Jim wrote:I really liked The Prisoner, but never understood the last episode.
McGoohan has explained the meaning of the episode, which in fact contains the meaning of the whole series; that we are prisoners of ourselves - this particular point being represented by Number 1, when the masks were removed, being Number 6. McGoohan asserts we choose to limit our own actions ("I won't" is exactly the same as "I can't") and many choices are made for us; this was partially represented by the Penny Farthing symbol of The Village, which referred to the ongoing march of technology and development, something which none of us - no-one at all - has actually sat down and decided whether or not this is really what we want to be doing, or if we're coping with it, and so on. Finally, in the end of the episode, Number Six, having freed himself from The Village, in fact ends up going back to his old flat, the same place and ways as before - in other words, even after obtaining that freedom, he's in fact back to the very same prison he was in before.
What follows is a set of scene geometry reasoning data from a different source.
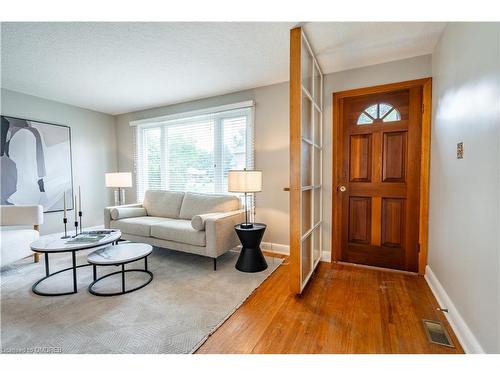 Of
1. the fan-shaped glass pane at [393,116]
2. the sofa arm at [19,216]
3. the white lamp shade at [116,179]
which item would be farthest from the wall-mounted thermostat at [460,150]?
the sofa arm at [19,216]

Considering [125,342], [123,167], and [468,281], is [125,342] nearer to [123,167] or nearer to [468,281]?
[468,281]

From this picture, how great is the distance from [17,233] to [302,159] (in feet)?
10.1

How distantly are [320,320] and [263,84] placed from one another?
109 inches

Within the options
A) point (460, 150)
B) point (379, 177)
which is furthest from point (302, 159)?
point (379, 177)

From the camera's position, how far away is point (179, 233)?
2.66 metres

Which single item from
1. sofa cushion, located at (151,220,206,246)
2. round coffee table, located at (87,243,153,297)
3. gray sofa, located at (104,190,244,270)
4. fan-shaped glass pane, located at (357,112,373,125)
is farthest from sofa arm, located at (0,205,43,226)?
fan-shaped glass pane, located at (357,112,373,125)

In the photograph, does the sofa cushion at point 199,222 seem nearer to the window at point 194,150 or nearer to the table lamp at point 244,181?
the table lamp at point 244,181

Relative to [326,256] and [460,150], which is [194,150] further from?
[460,150]

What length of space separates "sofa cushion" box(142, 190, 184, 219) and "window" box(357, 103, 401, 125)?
2689mm

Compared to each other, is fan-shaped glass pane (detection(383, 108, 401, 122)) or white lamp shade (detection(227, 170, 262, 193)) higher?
Answer: fan-shaped glass pane (detection(383, 108, 401, 122))

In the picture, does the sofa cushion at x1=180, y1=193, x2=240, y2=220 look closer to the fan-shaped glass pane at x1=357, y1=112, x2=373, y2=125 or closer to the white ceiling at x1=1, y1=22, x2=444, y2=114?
the white ceiling at x1=1, y1=22, x2=444, y2=114

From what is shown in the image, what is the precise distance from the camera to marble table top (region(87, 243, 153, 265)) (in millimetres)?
1941

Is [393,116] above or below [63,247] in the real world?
above

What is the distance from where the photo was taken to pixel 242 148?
3357mm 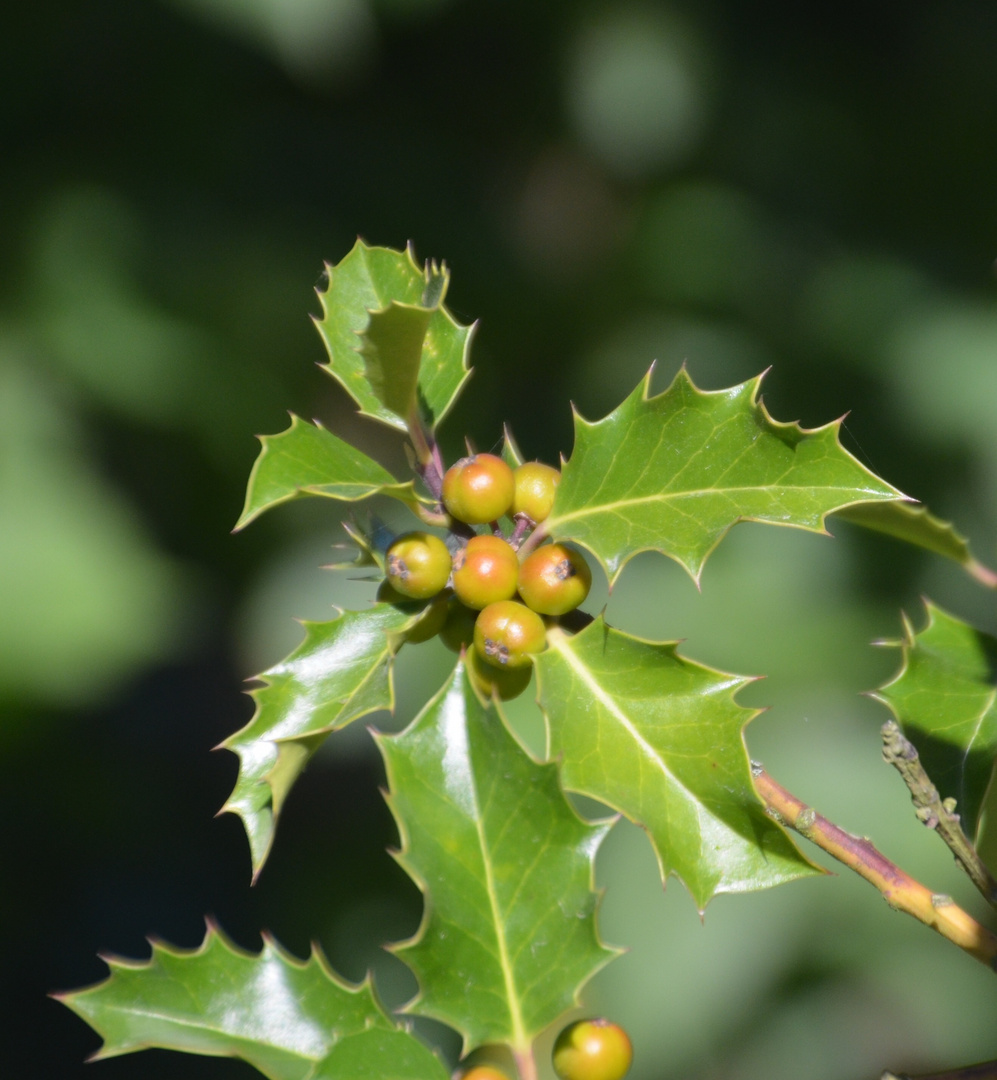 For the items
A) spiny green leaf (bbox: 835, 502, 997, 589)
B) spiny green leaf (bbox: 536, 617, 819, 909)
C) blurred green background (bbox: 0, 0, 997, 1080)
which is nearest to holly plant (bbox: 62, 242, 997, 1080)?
spiny green leaf (bbox: 536, 617, 819, 909)

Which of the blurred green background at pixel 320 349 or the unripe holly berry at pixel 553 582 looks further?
the blurred green background at pixel 320 349

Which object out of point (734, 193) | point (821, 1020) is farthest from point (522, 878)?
point (734, 193)

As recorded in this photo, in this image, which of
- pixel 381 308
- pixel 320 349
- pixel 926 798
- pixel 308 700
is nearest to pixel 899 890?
pixel 926 798

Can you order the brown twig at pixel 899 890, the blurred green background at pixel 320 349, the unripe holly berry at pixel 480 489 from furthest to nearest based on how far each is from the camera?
the blurred green background at pixel 320 349 < the unripe holly berry at pixel 480 489 < the brown twig at pixel 899 890

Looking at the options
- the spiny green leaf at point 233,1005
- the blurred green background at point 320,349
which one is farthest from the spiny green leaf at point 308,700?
the blurred green background at point 320,349

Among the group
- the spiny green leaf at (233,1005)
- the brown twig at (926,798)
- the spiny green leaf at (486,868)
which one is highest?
the brown twig at (926,798)

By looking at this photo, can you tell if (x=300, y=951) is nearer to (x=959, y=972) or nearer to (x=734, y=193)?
(x=959, y=972)

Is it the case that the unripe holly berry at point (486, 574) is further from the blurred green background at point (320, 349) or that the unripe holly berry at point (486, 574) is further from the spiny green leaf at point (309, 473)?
the blurred green background at point (320, 349) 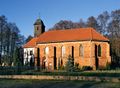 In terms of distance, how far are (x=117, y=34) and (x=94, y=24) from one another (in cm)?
1294

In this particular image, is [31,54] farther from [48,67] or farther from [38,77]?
[38,77]

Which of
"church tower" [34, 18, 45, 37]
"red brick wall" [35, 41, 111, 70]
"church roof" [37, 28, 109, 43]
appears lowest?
"red brick wall" [35, 41, 111, 70]

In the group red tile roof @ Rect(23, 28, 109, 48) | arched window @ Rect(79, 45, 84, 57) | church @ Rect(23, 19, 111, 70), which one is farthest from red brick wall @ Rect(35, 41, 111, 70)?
red tile roof @ Rect(23, 28, 109, 48)

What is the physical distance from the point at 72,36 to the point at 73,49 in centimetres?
309

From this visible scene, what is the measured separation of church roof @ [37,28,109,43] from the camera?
67250 mm

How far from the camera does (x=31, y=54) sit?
82.2 m

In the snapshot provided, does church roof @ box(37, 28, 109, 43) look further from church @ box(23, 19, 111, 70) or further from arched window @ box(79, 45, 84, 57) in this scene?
arched window @ box(79, 45, 84, 57)

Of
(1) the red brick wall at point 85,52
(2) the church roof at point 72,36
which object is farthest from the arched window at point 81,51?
(2) the church roof at point 72,36

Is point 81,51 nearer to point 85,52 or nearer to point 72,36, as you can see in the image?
point 85,52

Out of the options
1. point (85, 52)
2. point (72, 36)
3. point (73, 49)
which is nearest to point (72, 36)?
point (72, 36)

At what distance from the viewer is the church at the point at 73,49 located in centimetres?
6606

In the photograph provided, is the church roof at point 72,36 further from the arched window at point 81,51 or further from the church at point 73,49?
the arched window at point 81,51

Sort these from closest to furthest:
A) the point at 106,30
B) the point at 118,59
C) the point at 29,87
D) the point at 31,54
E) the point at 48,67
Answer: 1. the point at 29,87
2. the point at 48,67
3. the point at 118,59
4. the point at 31,54
5. the point at 106,30

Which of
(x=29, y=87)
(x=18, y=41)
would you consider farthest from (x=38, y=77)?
(x=18, y=41) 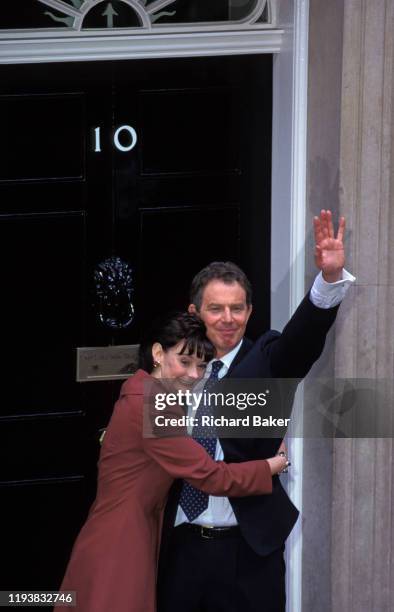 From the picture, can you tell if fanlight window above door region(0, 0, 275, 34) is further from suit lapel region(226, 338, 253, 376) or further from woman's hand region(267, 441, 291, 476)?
woman's hand region(267, 441, 291, 476)

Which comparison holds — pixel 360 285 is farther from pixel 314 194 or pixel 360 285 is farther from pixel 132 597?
pixel 132 597

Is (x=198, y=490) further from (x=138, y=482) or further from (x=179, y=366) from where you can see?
(x=179, y=366)

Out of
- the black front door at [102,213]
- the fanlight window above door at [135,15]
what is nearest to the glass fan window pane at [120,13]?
the fanlight window above door at [135,15]

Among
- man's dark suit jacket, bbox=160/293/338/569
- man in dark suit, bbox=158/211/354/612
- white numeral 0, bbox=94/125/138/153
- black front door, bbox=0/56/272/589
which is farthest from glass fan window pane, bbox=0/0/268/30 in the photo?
man's dark suit jacket, bbox=160/293/338/569

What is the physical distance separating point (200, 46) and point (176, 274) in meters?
0.99

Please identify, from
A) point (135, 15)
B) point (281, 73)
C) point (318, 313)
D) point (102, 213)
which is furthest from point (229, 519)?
point (135, 15)

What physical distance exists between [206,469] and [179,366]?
39 cm

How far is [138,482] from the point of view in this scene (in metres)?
3.72

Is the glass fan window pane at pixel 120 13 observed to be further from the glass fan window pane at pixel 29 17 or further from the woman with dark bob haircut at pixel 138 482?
the woman with dark bob haircut at pixel 138 482

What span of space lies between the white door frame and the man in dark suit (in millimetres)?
668

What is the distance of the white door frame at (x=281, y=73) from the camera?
168 inches

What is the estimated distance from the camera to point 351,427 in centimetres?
432

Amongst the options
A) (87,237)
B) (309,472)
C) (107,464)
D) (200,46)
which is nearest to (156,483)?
(107,464)

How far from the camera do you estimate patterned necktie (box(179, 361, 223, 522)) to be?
12.2 feet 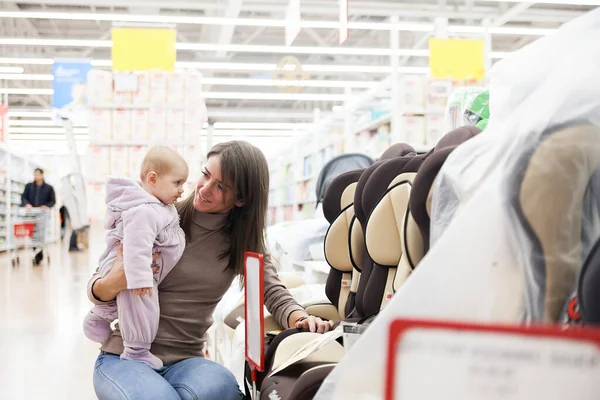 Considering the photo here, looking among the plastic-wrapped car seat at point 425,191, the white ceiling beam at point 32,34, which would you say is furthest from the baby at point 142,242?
the white ceiling beam at point 32,34

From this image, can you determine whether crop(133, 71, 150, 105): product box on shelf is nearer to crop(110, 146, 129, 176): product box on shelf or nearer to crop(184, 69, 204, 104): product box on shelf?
crop(184, 69, 204, 104): product box on shelf

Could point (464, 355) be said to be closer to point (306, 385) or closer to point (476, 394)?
point (476, 394)

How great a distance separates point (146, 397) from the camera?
1.65 metres

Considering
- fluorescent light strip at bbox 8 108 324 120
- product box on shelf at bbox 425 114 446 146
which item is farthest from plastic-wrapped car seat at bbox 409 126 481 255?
fluorescent light strip at bbox 8 108 324 120

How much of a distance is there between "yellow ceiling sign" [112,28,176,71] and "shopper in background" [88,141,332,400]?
4.42 meters

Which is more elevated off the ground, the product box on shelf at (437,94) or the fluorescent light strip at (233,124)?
the fluorescent light strip at (233,124)

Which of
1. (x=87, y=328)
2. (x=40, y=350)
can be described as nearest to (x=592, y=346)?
(x=87, y=328)

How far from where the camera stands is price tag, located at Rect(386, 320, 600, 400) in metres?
0.60

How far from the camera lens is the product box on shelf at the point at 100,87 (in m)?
5.59

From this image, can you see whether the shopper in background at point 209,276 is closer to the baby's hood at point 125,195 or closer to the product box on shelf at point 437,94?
the baby's hood at point 125,195

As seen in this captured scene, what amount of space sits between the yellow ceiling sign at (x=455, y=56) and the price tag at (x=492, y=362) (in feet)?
22.3

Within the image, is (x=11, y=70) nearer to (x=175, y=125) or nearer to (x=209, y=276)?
(x=175, y=125)

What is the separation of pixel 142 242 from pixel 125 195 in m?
0.18

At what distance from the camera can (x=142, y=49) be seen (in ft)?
20.2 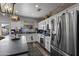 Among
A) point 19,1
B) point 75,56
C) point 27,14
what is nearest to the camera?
point 75,56

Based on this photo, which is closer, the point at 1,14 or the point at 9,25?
the point at 9,25

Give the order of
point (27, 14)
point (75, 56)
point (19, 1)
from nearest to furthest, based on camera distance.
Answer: point (75, 56) → point (19, 1) → point (27, 14)

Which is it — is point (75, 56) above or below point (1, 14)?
below

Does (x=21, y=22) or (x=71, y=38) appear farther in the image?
(x=21, y=22)

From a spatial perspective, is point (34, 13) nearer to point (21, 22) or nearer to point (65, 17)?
point (21, 22)

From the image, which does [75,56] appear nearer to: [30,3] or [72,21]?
[72,21]

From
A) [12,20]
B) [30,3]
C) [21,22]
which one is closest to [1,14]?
[12,20]

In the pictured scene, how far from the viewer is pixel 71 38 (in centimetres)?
168

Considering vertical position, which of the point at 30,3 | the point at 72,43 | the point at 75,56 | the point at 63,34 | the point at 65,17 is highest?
the point at 30,3

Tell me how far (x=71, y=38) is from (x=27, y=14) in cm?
91

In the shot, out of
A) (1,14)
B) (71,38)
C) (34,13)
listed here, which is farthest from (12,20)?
(71,38)

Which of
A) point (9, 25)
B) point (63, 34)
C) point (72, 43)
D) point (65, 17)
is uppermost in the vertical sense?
point (65, 17)

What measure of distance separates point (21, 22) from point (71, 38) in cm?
96

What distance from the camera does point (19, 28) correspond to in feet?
6.55
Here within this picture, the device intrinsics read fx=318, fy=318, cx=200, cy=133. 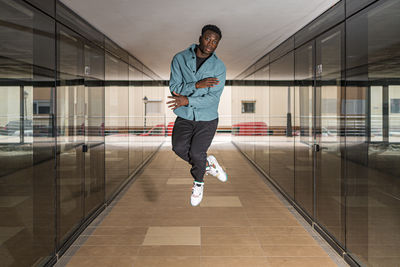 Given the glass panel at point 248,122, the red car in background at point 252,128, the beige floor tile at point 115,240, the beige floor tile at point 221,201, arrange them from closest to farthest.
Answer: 1. the beige floor tile at point 115,240
2. the beige floor tile at point 221,201
3. the red car in background at point 252,128
4. the glass panel at point 248,122

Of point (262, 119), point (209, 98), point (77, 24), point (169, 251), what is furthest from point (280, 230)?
point (262, 119)

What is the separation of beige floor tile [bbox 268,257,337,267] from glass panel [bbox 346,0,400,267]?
0.93 ft

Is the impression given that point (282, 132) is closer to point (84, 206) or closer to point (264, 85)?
point (264, 85)

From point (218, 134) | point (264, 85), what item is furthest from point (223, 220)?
point (218, 134)

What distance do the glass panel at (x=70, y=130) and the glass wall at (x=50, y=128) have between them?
0.01 metres

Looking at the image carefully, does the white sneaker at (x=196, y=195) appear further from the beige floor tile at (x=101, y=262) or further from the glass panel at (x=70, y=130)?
the glass panel at (x=70, y=130)

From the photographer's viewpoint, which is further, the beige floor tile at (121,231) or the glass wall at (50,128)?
the beige floor tile at (121,231)

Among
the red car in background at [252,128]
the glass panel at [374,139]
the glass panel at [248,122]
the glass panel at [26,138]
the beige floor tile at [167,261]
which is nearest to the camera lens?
the glass panel at [26,138]

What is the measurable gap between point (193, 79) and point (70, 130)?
5.97 ft

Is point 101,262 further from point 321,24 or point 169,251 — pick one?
point 321,24

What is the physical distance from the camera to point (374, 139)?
282 cm

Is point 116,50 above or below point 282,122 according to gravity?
above

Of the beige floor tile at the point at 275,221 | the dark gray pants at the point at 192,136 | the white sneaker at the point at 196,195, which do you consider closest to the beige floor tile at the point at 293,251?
the beige floor tile at the point at 275,221

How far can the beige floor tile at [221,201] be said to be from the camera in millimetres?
5320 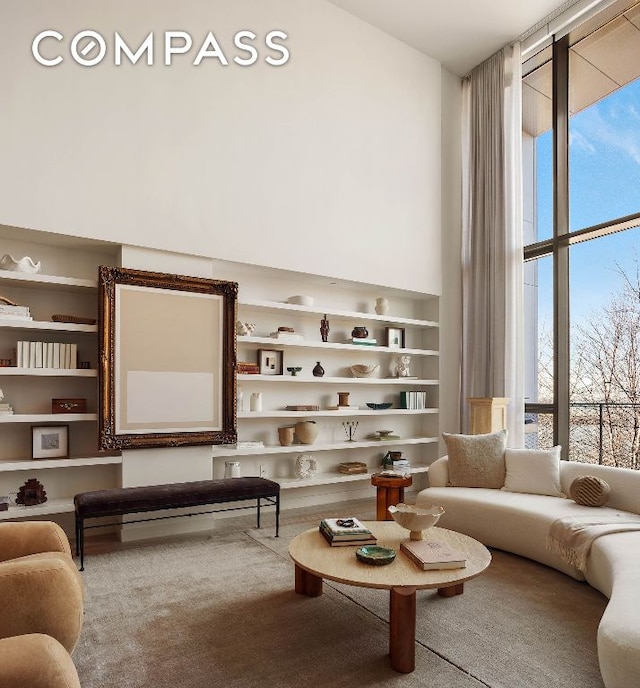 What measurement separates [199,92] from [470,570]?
14.2 feet

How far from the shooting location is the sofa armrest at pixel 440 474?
462cm

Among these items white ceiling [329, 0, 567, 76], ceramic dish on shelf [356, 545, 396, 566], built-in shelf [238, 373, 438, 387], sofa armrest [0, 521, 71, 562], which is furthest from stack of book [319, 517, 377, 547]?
white ceiling [329, 0, 567, 76]

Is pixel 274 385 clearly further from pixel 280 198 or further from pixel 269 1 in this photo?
pixel 269 1

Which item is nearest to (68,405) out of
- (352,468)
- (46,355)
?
(46,355)

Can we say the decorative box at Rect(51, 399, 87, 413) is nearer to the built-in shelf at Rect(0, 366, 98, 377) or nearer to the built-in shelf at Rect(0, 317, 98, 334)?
the built-in shelf at Rect(0, 366, 98, 377)

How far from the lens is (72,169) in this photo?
163 inches

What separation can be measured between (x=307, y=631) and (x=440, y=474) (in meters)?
2.31

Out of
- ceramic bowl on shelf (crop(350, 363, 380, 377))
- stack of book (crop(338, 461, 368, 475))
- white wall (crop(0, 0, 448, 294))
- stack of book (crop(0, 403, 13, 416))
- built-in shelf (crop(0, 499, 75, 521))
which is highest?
white wall (crop(0, 0, 448, 294))

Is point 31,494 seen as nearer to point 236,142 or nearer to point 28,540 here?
point 28,540

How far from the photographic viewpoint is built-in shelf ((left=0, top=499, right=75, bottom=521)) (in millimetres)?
3834

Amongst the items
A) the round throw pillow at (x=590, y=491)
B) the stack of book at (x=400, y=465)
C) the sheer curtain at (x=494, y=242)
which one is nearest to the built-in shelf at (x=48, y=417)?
the stack of book at (x=400, y=465)

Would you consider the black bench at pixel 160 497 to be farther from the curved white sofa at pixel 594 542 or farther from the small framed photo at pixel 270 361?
the curved white sofa at pixel 594 542

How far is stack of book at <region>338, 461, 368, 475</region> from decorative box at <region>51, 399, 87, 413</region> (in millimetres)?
2592

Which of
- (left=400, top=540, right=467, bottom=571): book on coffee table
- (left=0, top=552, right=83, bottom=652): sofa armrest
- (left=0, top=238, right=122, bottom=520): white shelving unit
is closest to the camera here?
(left=0, top=552, right=83, bottom=652): sofa armrest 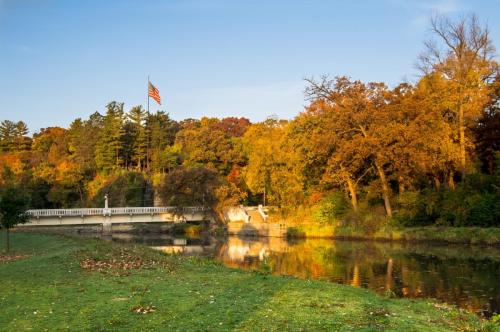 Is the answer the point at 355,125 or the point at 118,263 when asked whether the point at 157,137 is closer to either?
the point at 355,125

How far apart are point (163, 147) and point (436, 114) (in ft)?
204

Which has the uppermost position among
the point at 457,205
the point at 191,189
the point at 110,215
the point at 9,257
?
the point at 191,189

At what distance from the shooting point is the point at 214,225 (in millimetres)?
61844

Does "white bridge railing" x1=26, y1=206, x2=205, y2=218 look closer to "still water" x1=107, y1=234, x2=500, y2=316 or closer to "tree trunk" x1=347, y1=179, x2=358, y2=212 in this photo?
"still water" x1=107, y1=234, x2=500, y2=316

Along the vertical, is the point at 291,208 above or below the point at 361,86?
below

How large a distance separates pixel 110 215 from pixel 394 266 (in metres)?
38.3

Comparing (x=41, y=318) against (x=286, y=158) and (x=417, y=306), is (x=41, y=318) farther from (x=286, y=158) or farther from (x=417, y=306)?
(x=286, y=158)

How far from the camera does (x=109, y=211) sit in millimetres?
56938

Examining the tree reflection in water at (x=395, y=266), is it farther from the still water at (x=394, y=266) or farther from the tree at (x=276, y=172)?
the tree at (x=276, y=172)

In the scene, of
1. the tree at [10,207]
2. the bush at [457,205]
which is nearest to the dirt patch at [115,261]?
the tree at [10,207]

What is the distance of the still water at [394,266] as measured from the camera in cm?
1911

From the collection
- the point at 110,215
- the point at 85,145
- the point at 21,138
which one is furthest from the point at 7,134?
the point at 110,215

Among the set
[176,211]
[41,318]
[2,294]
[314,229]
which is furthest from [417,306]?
[176,211]

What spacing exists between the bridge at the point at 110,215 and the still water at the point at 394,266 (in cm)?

A suggested rationalization of the series and its culmination is that The Village is an institution of the British government that functions to determine whether or not those who know military secrets and seek to return to civilian life are susceptible to giving up that information under interrogatory pressure. After Number Six endures the breadth of tortures, psychological ploys, chemically-induced states and questioning techniques that The Village administration has at its disposal and divulges close to nothing of what he knows, The Village's administration allows him to go free, lauding him for the principles of individualism and personal liberty that equipped him to withstand all manner of interrogation methods.